=== EXERCISE DESCRIPTION ===
What you need to produce is the complete listing, repeated exactly.

··· SUPPLIED MATERIAL ···

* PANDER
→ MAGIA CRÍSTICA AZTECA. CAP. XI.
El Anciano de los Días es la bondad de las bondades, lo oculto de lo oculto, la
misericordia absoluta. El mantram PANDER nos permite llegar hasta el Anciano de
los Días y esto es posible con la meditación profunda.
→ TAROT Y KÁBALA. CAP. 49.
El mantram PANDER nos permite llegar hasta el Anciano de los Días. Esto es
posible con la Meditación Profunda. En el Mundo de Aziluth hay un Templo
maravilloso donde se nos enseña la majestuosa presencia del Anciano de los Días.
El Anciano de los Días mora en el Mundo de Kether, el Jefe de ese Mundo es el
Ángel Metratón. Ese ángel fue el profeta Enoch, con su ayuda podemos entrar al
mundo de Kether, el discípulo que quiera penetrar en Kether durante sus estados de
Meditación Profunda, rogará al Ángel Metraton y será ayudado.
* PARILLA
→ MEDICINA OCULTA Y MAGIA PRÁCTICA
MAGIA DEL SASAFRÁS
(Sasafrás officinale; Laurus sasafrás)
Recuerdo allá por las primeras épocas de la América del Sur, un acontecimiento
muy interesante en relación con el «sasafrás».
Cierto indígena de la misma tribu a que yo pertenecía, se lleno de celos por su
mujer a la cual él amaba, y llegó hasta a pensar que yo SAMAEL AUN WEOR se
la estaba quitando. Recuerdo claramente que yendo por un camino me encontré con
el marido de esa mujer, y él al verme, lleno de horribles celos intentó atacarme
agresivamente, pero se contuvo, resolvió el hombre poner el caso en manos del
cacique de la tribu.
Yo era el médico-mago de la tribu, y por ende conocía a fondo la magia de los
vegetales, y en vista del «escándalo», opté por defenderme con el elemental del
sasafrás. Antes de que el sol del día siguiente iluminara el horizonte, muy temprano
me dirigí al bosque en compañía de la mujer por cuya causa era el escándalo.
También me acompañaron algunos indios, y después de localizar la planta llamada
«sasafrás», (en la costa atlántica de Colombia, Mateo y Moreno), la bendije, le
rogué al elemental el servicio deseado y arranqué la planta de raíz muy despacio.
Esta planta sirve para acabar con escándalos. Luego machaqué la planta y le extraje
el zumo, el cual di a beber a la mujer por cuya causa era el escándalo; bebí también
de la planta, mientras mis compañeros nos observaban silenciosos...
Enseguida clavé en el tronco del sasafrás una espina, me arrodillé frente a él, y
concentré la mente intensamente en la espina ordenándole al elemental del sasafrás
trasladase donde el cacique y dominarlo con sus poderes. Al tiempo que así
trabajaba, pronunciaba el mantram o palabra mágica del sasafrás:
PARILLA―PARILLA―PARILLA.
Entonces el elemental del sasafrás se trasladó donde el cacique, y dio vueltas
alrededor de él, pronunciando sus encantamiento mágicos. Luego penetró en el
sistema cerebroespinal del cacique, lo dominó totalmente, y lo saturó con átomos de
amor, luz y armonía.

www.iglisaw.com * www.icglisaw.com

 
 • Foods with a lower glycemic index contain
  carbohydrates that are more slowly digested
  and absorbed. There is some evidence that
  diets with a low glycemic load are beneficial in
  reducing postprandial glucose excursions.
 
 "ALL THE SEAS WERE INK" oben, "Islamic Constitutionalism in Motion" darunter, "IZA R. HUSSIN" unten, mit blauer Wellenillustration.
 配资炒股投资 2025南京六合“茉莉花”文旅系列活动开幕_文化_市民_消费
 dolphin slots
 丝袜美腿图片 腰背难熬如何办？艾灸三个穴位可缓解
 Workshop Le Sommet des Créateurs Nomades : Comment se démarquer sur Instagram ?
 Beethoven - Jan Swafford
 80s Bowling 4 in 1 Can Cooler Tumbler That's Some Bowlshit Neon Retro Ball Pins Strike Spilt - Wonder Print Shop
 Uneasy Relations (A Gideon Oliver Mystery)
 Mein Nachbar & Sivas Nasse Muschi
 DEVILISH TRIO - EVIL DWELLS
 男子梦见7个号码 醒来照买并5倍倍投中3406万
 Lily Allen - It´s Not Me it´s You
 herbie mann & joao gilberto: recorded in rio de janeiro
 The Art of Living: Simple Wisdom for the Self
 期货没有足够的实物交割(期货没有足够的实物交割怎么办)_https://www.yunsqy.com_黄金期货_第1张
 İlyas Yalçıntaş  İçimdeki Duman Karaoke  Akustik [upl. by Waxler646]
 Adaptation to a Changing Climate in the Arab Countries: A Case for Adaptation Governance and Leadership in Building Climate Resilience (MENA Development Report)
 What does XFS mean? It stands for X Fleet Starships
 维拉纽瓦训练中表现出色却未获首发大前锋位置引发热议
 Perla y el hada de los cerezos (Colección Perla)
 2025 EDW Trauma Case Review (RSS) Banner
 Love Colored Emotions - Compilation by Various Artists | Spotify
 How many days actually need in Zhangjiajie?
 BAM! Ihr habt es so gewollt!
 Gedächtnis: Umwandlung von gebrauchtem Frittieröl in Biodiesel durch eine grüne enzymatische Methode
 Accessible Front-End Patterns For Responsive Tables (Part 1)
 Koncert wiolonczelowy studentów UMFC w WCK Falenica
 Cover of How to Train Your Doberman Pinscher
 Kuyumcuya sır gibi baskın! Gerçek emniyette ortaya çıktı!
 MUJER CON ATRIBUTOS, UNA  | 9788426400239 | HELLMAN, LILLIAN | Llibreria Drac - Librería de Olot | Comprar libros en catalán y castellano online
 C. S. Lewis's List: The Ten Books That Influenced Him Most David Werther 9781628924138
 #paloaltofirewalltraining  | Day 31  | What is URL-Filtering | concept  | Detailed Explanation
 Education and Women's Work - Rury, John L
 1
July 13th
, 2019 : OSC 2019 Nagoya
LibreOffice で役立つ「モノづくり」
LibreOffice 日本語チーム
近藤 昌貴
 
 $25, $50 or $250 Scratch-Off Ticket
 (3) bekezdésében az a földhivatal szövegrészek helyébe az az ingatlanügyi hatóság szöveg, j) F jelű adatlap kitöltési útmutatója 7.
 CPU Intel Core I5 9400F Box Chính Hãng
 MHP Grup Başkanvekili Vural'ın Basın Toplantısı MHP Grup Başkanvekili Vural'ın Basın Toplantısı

···

=== OUTPUT BELOW ===
* PANDER
→ MAGIA CRÍSTICA AZTECA. CAP. XI.
El Anciano de los Días es la bondad de las bondades, lo oculto de lo oculto, la
misericordia absoluta. El mantram PANDER nos permite llegar hasta el Anciano de
los Días y esto es posible con la meditación profunda.
→ TAROT Y KÁBALA. CAP. 49.
El mantram PANDER nos permite llegar hasta el Anciano de los Días. Esto es
posible con la Meditación Profunda. En el Mundo de Aziluth hay un Templo
maravilloso donde se nos enseña la majestuosa presencia del Anciano de los Días.
El Anciano de los Días mora en el Mundo de Kether, el Jefe de ese Mundo es el
Ángel Metratón. Ese ángel fue el profeta Enoch, con su ayuda podemos entrar al
mundo de Kether, el discípulo que quiera penetrar en Kether durante sus estados de
Meditación Profunda, rogará al Ángel Metraton y será ayudado.
* PARILLA
→ MEDICINA OCULTA Y MAGIA PRÁCTICA
MAGIA DEL SASAFRÁS
(Sasafrás officinale; Laurus sasafrás)
Recuerdo allá por las primeras épocas de la América del Sur, un acontecimiento
muy interesante en relación con el «sasafrás».
Cierto indígena de la misma tribu a que yo pertenecía, se lleno de celos por su
mujer a la cual él amaba, y llegó hasta a pensar que yo SAMAEL AUN WEOR se
la estaba quitando. Recuerdo claramente que yendo por un camino me encontré con
el marido de esa mujer, y él al verme, lleno de horribles celos intentó atacarme
agresivamente, pero se contuvo, resolvió el hombre poner el caso en manos del
cacique de la tribu.
Yo era el médico-mago de la tribu, y por ende conocía a fondo la magia de los
vegetales, y en vista del «escándalo», opté por defenderme con el elemental del
sasafrás. Antes de que el sol del día siguiente iluminara el horizonte, muy temprano
me dirigí al bosque en compañía de la mujer por cuya causa era el escándalo.
También me acompañaron algunos indios, y después de localizar la planta llamada
«sasafrás», (en la costa atlántica de Colombia, Mateo y Moreno), la bendije, le
rogué al elemental el servicio deseado y arranqué la planta de raíz muy despacio.
Esta planta sirve para acabar con escándalos. Luego machaqué la planta y le extraje
el zumo, el cual di a beber a la mujer por cuya causa era el escándalo; bebí también
de la planta, mientras mis compañeros nos observaban silenciosos...
Enseguida clavé en el tronco del sasafrás una espina, me arrodillé frente a él, y
concentré la mente intensamente en la espina ordenándole al elemental del sasafrás
trasladase donde el cacique y dominarlo con sus poderes. Al tiempo que así
trabajaba, pronunciaba el mantram o palabra mágica del sasafrás:
PARILLA―PARILLA―PARILLA.
Entonces el elemental del sasafrás se trasladó donde el cacique, y dio vueltas
alrededor de él, pronunciando sus encantamiento mágicos. Luego penetró en el
sistema cerebroespinal del cacique, lo dominó totalmente, y lo saturó con átomos de
amor, luz y armonía.

www.iglisaw.com * www.icglisaw.com

 
 • Foods with a lower glycemic index contain
  carbohydrates that are more slowly digested
  and absorbed. There is some evidence that
  diets with a low glycemic load are beneficial in
  reducing postprandial glucose excursions.
 
 "ALL THE SEAS WERE INK" oben, "Islamic Constitutionalism in Motion" darunter, "IZA R. HUSSIN" unten, mit blauer Wellenillustration.
 配资炒股投资 2025南京六合“茉莉花”文旅系列活动开幕_文化_市民_消费
 dolphin slots
 丝袜美腿图片 腰背难熬如何办？艾灸三个穴位可缓解
 Workshop Le Sommet des Créateurs Nomades : Comment se démarquer sur Instagram ?
 Beethoven - Jan Swafford
 80s Bowling 4 in 1 Can Cooler Tumbler That's Some Bowlshit Neon Retro Ball Pins Strike Spilt - Wonder Print Shop
 Uneasy Relations (A Gideon Oliver Mystery)
 Mein Nachbar & Sivas Nasse Muschi
 DEVILISH TRIO - EVIL DWELLS
 男子梦见7个号码 醒来照买并5倍倍投中3406万
 Lily Allen - It´s Not Me it´s You
 herbie mann & joao gilberto: recorded in rio de janeiro
 The Art of Living: Simple Wisdom for the Self
 期货没有足够的实物交割(期货没有足够的实物交割怎么办)_https://www.yunsqy.com_黄金期货_第1张
 İlyas Yalçıntaş  İçimdeki Duman Karaoke  Akustik [upl. by Waxler646]
 Adaptation to a Changing Climate in the Arab Countries: A Case for Adaptation Governance and Leadership in Building Climate Resilience (MENA Development Report)
 What does XFS mean? It stands for X Fleet Starships
 维拉纽瓦训练中表现出色却未获首发大前锋位置引发热议
 Perla y el hada de los cerezos (Colección Perla)
 2025 EDW Trauma Case Review (RSS) Banner
 Love Colored Emotions - Compilation by Various Artists | Spotify
 How many days actually need in Zhangjiajie?
 BAM! Ihr habt es so gewollt!
 Gedächtnis: Umwandlung von gebrauchtem Frittieröl in Biodiesel durch eine grüne enzymatische Methode
 Accessible Front-End Patterns For Responsive Tables (Part 1)
 Koncert wiolonczelowy studentów UMFC w WCK Falenica
 Cover of How to Train Your Doberman Pinscher
 Kuyumcuya sır gibi baskın! Gerçek emniyette ortaya çıktı!
 MUJER CON ATRIBUTOS, UNA  | 9788426400239 | HELLMAN, LILLIAN | Llibreria Drac - Librería de Olot | Comprar libros en catalán y castellano online
 C. S. Lewis's List: The Ten Books That Influenced Him Most David Werther 9781628924138
 #paloaltofirewalltraining  | Day 31  | What is URL-Filtering | concept  | Detailed Explanation
 Education and Women's Work - Rury, John L
 1
July 13th
, 2019 : OSC 2019 Nagoya
LibreOffice で役立つ「モノづくり」
LibreOffice 日本語チーム
近藤 昌貴
 
 $25, $50 or $250 Scratch-Off Ticket
 (3) bekezdésében az a földhivatal szövegrészek helyébe az az ingatlanügyi hatóság szöveg, j) F jelű adatlap kitöltési útmutatója 7.
 CPU Intel Core I5 9400F Box Chính Hãng
 MHP Grup Başkanvekili Vural'ın Basın Toplantısı MHP Grup Başkanvekili Vural'ın Basın Toplantısı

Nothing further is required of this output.